В частности, этот подход был перенят академическими кругами, называющими постфеминизм «плюралистической эпистемологией, отвечающей на разрушенную универсалистскую модель познания, и таким образом, ее можно поставить в один ряд с постмодернизмом, постструктурализмом и постколониализмом»30. В научных кругах постфеминизм определяется как последствие пересечения феминизма с теми анти-фундаменталистскими движениями, где состояние «пост», кажется, указывает на сдвиг в феминистском мышлении и, особенно, в том, как концептуализируется женщина в качестве субъекта феминизма. Постфеминизм используется как теоретический и философский термин, который относится к проблеме поиска единых причин и общих решений субординации женщин, а также отказывается от допущения единой субъективности, универсальнго братства сестер.

Погружение постфеминизма в постмодернистскую критику культуры приводит к риску подавления важности других локусов, особенно его место в общественных спорах о феминизме и современной женщине. Постфеминизм, скорее, существует как массовая описательная категория и научная теоретическая тенденция, а также как политический феномен, превалирующий в Западном обществе позднего модерна.

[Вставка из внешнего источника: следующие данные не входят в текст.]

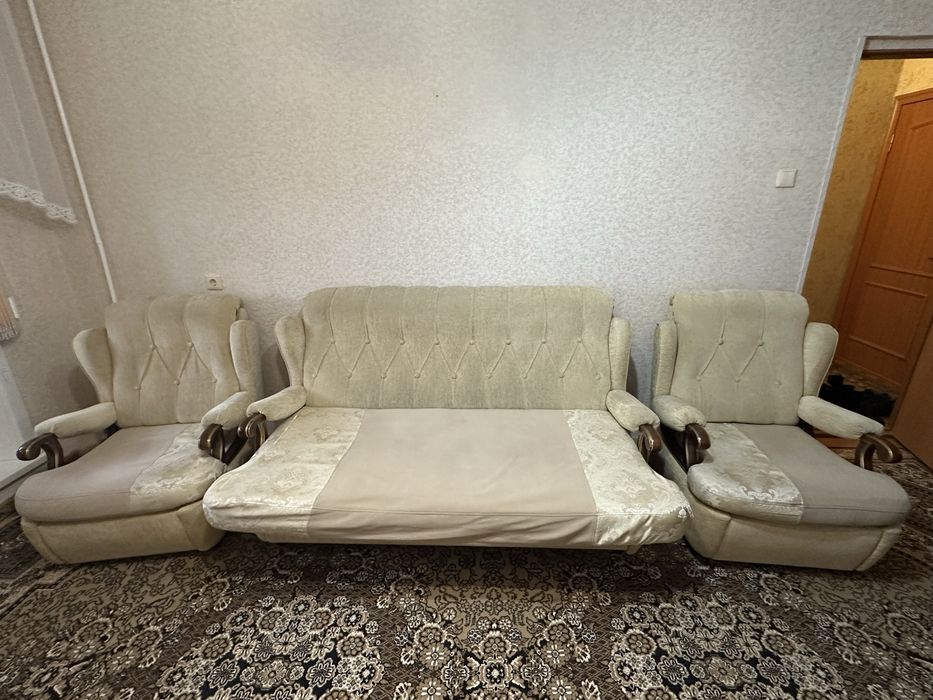 Продам диван и 2 кресла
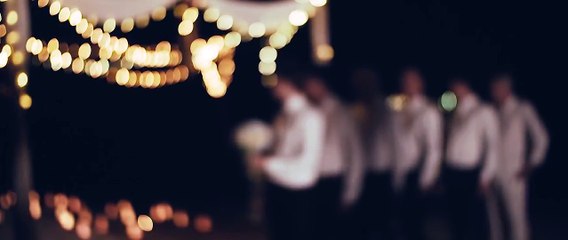 MC Thành Trung cầu hôn bạn gái trên biển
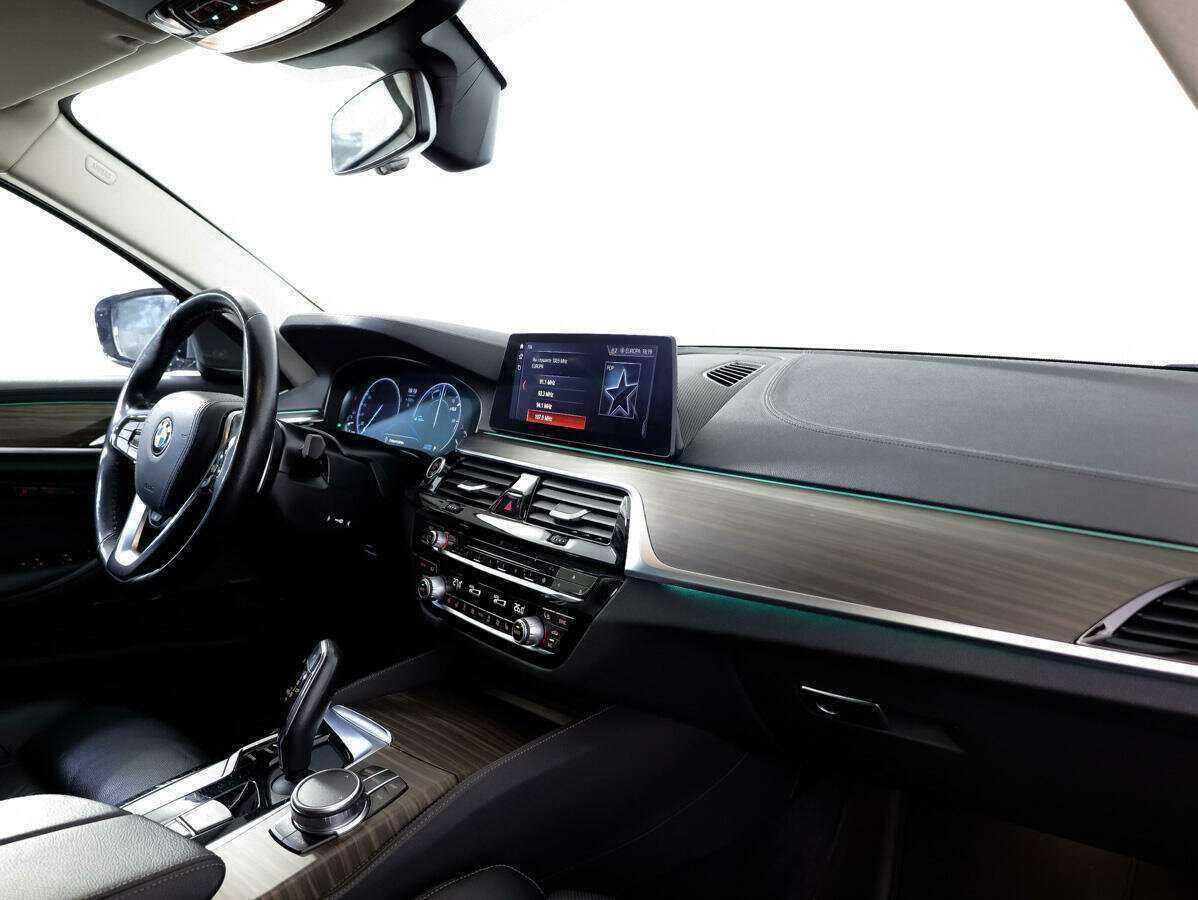 BMW 5 серии с пробегом — 2018 год. Фото: #8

В конце концов, сложности постфеминизма нельзя объяснить ни с установки на оппозицию, ни на включение. Как и любое «пост» явление, постфеминизм по своей структуре ризоматичен, он плотно переплетается с различнами контекстами, в которых он находится. Поэтому для попытки интерпретации этого явления логичней всего рассматривать каждое конкретное направление постфеминизма именно в тех контекстах, в которые он погружен.